Estávamos no ano de 1923.
Ainda no Campo da Atouguia, o Vitória dava os primeiros passos no desporto-rei, procurando encontrar oponentes que permitissem aos seus atletas aperfeiçoarem as suas capacidades.
Assim, em Junho de 1923, a equipa vimaranense recebeu os aveirenses do Vista Alegre, numa partida em que o Semanário A Razão deu nota na sua publicação de 24 de Junho desse ano. Refira-se que o jornal mencionado já tinha uma coluna denominada de "Crónica Sportiva", que naqueles tempos era uma inovação de realçar, atendendo ao facto do desporto não merecer o relevo dos dias de hoje e nem sequer existir qualquer publicação dessa índole.
Porém, como escrevemos no título, seria uma partida polémica, já que a equipa da casa triunfou graças à desistência do adversário, não obstante "os rapazes do Victoria apresentaram-se numa forma magnífica, mostrando bem o valor que virá a ter este team quando bem treinado em conjunto."
Mas, "...perante a energia, ainda que correcta, dos homens do Victoria, deram uma triste ideia da sua educação desportiva, abandonando o campo, sem sequer esperar a decisão do árbitro..." sobre o caso que lhes causara insatisfação. Este passou pela indignação por causa de uma carga do vitoriano Artur ao guardião adversário, que levou a que o adversário aveirense deixasse o recinto. Abandono esse que causaria grande polémica, pois um jornal sediado em Aveiro, o Beira-Mar, escreveria que a equipa fê-lo em massa, quando a publicação vimaranense aqui consultada, afiançou que a mesma "...foi feita à formigo e com o protesto de alguns dos jogadores do Vista-Alegre."

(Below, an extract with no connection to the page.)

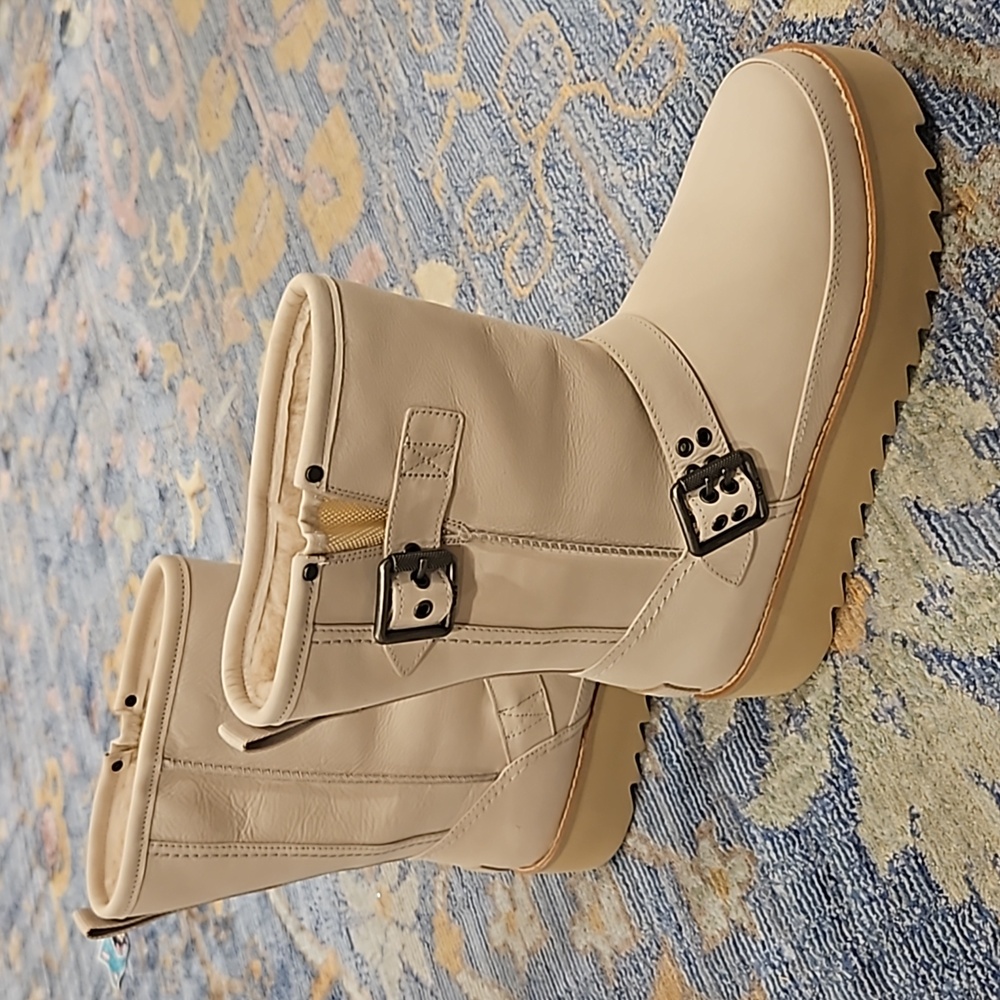 Ugg light brown size 10 Classic Rebel Biker Short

Tal levaria a uma outra curiosa troca de argumentos, com um jornal, curiosamente, também, vimaranense, o Comércio de Guimarães que defendeu que tal acto impediu que este conjunto triunfasse na partida, enquanto o referido A Razão contrapunha que "...os rapazes do Victoria mostraram-se muito enérgicos e muito leaes (sic) e só a molesa (sic) dos seus adversários, molesa que chegou a ser enervante, foi a causa do abandono do campo." Para deitar mais achas parar uma fogueira que já ardia intensamente ainda era questionado "que fariam eles se lhes ficasse inutilisado (sic) como ficou Serra?"
Numa verdadeira escalada de palavras e trocas de acusações, a Razão de 10 de Julho de 1923, dava conta que um jornal de Ílhavo catalogou a partida como "... uma autêntica caça ao homem!!! e os nossos jogadores são apresentados como verdadeiros canibais." Como reconhece o periódico consultado, tal seria capaz, apenas, de ser encarado "... só à gargalhada...".

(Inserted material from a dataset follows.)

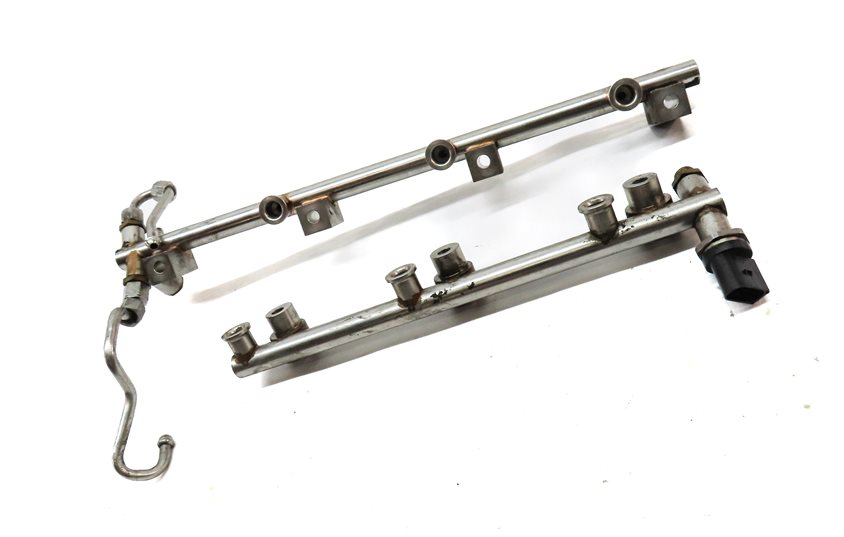 Thumbnail 3: 2013 PORSCHE CAYENNE (958) 3.6L (M55) ENGINE FUEL INJECTOR RAIL SET/2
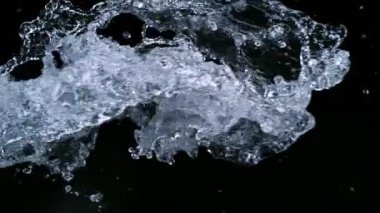 Süper Yavaş Çekim Saf Su Sıçratma Kara Arkaplan 'da izole edildi. Yüksek Hız Sinema Kamerası, 4k.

Porém, as supostas falsidades iriam mais longe, ao acusarem que um jogador da sua equipa estivera muitos minutos estendido no terreno a clamar por assistência. Contudo, "Houve realmente um jogador que esteve durante uns momentos estendido no campo, mas esse jogador que é o 1º Sargento Serra pertencia ao grupo do Victoria. Assim é que está certo."
Num verdadeiro chorrilho de mentiras, o jornal aveirense haveria de escrever que o capitão-geral do Vitória, de nome Dantas, pedira desculpas pela atitude dos seus colegas de equipa a um jogador da equipa adversária. Escrevia o jornal, todavia que "Tivemos a satisfação de ouvir o sr. Dantas dizer-nos que aquilo não era verdade, pois nunca ele foi pedir ao grupo da Vista Alegre desculpa pelas violências dos jogadores vimaranenses."
Por isso, era feito um apelo para "... que as agremiações sportivas vimaranenses nunca mais dêem ensejo a que grupos que nos visitem se possam queixar da maneira fria como foram recebidos."
Era uma das primeiras grandes polémicas em que o Vitória se via como interveniente... ainda que, como em tantas outras vezes, tivesse de lidar com a mentira destinada a tirar-lhe a razão.